How you configure Permissions Reporter matters a great deal. The product offers a wide range of features and functions, each of which affects workload performance.

When configuring your Permissions Reporter project, first carefully consider the desired outcome. For example, if you configure the project to analyze a massive networked storage device with all features enabled and without any filters, the resulting permissions report is probably going to contain far more data than will be useful.

Let's briefly look at the project settings that most strongly affect performance and scalability to better inform your configuration choices.

  • Project folders - Tune the project paths to constrain workload.
  • File permissions report - Consider disabling if you don't need file-level permissions report data.
  • File owners report - Consider disabling if you don't need file ownership report report data.
  • Group member extraction - Consider disabling if you don't need to see group members in reports.
  • Project filter - Use filters to limit the amount of data you're collecting to specific users, groups, and more.

Best practice: Disable product features you don't require, and use project filtering to limit the amount of data returned by any given project configuration. Create reports that contain reasonable, actionable quantities of data.

Available Host Machine Resources

Deciding where to install and run Permissions Reporter involves two primary qualifying metrics - memory availability and network connectivity.

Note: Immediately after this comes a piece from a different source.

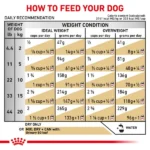 غذای خشک سگ بالغ یورینری اس او رویال کنین ا Royal Canin Urinary S/O Dry Dog Food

As noted above, Permissions Reporter uses a special in-memory report data representation that helps to maximize performance. This is an explicit design decision - we want users to be able to query file systems of any size to construct useful permissions reports in a reasonable amount of time.

If you find yourself encountering memory related errors during a scan with Permissions Reporter, then you'll need to reduce the working project scope (see above) or make more memory available to the host operating system.

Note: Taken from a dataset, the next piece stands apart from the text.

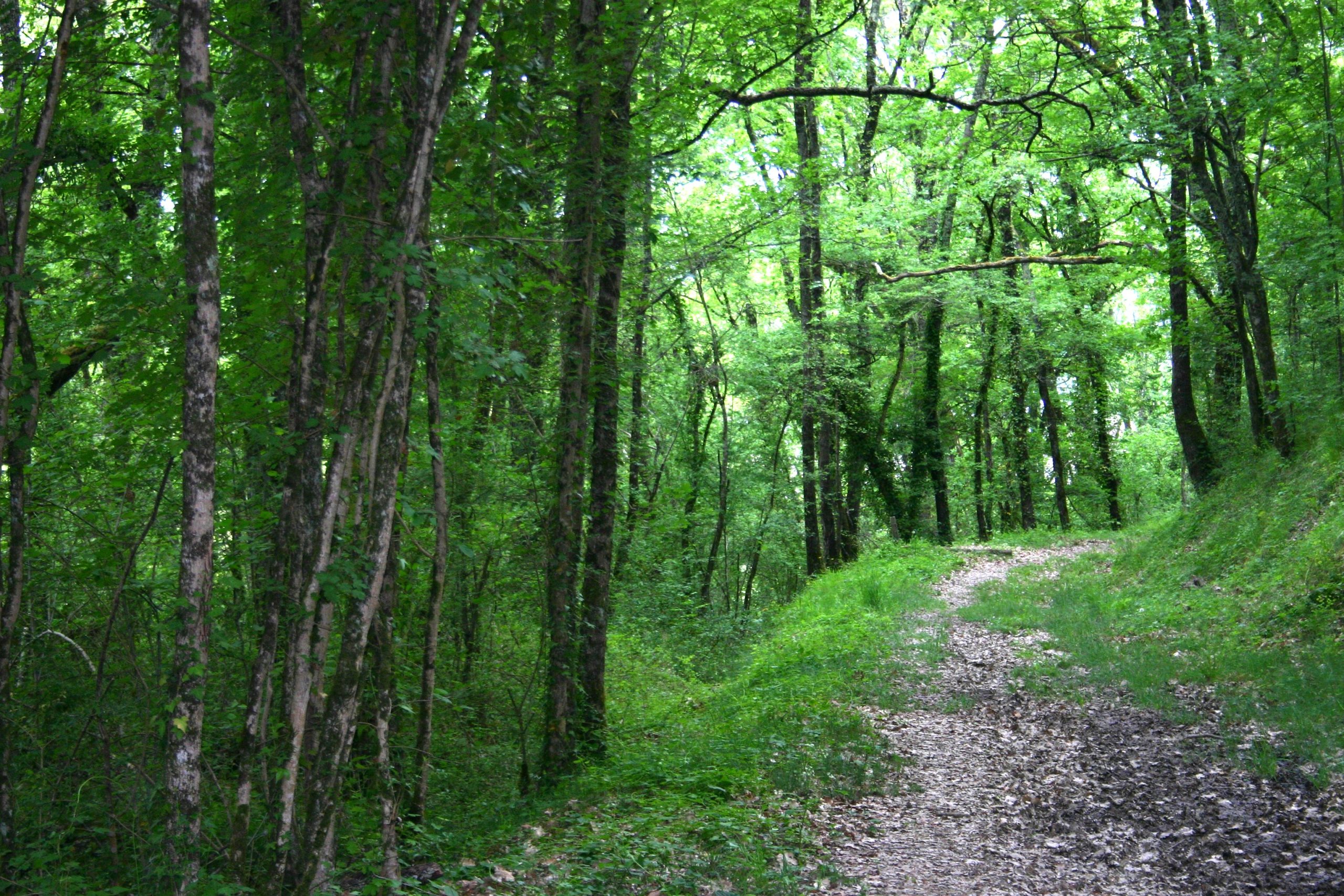 Entre Durèze et Soulège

Network connectivity speed is also a signficant factor in any permissions analysis that involves remote file systems. Use the fastest connection possible to reduce the lag associated with the remote file system scanning process and querying Active Directory for account data.

Best practice: Run Permissions Reporter on a domain mameber computer with plenty of RAM and fast network connectivity.

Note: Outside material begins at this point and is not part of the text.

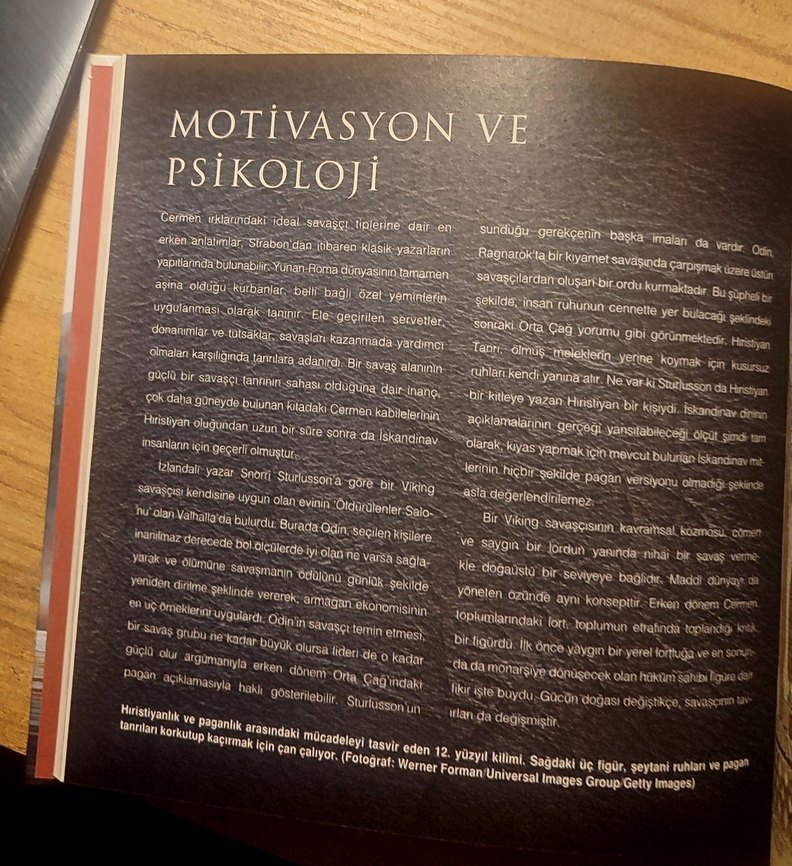 Vikingler - Tarih Kitabı Ciltli - Görsel 2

Limiting Storage I/O and CPU Usage

There may be occasions where you need to constrain the resources used by Permissions Reporter. The product offers two helpful settings in such cases, both located in the Performance tab of the Global Options window.

Global performance options
Figure 1. Options for limiting the impact of permissions analyses.

The first is low priority I/O mode. Enabling this option causes Permissions Reporter to operate in a special "background" I/O mode available in Windows, causing the system to lower scheduling priority for disk and memory operations. This can help Permissions Reporter to "defer" to other processes that might require such resources.

And finally, you can also change the Threading Model setting, which controls how many threads are used for file system analysis and reporting tasks. Lowering this setting all the way to Single threaded will greatly reduce CPU usage.

Best practice: If necessary, use the global performance options to constrain system CPU and I/O usage.